• **RECORDS FOR THE TASK**:

╔══

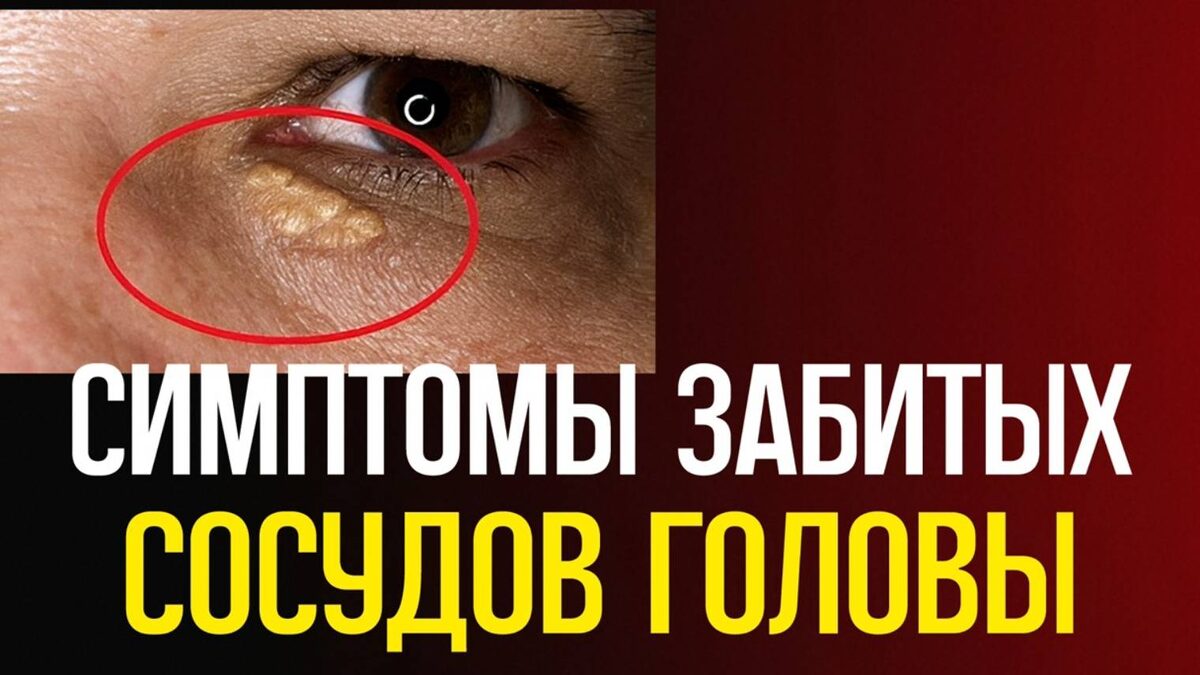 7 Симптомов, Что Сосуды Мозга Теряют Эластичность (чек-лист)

╚══
╔══

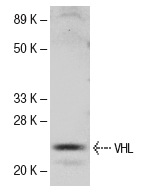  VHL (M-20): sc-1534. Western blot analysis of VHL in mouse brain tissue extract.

╚══
╔══

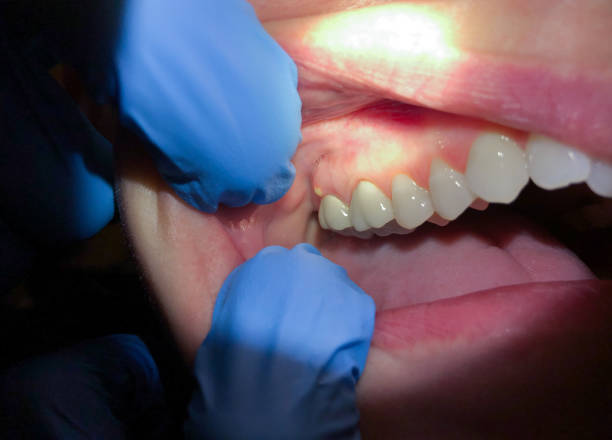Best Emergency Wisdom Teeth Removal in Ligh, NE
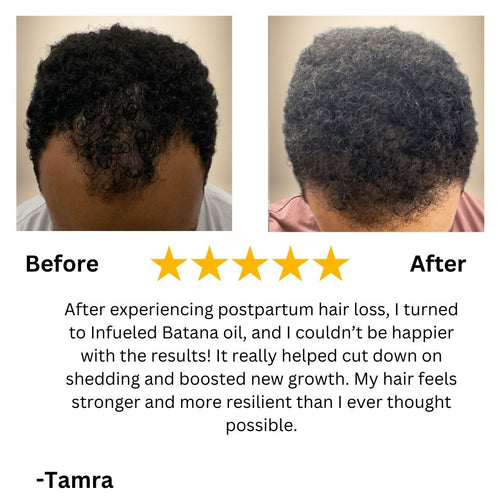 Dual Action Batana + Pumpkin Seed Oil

╚══

• **WHAT YOU SHOULD DO**: Could you transcribe exactly the entries above, but only the lines from the one with "Best Emergency Wisdom" through the one with "Dual Action Batana + Pumpkin Seed Oil", and without pictures?

• **EXERCISE ANSWER**:
Best Emergency Wisdom Teeth Removal in Ligh, NE
 Dual Action Batana + Pumpkin Seed Oil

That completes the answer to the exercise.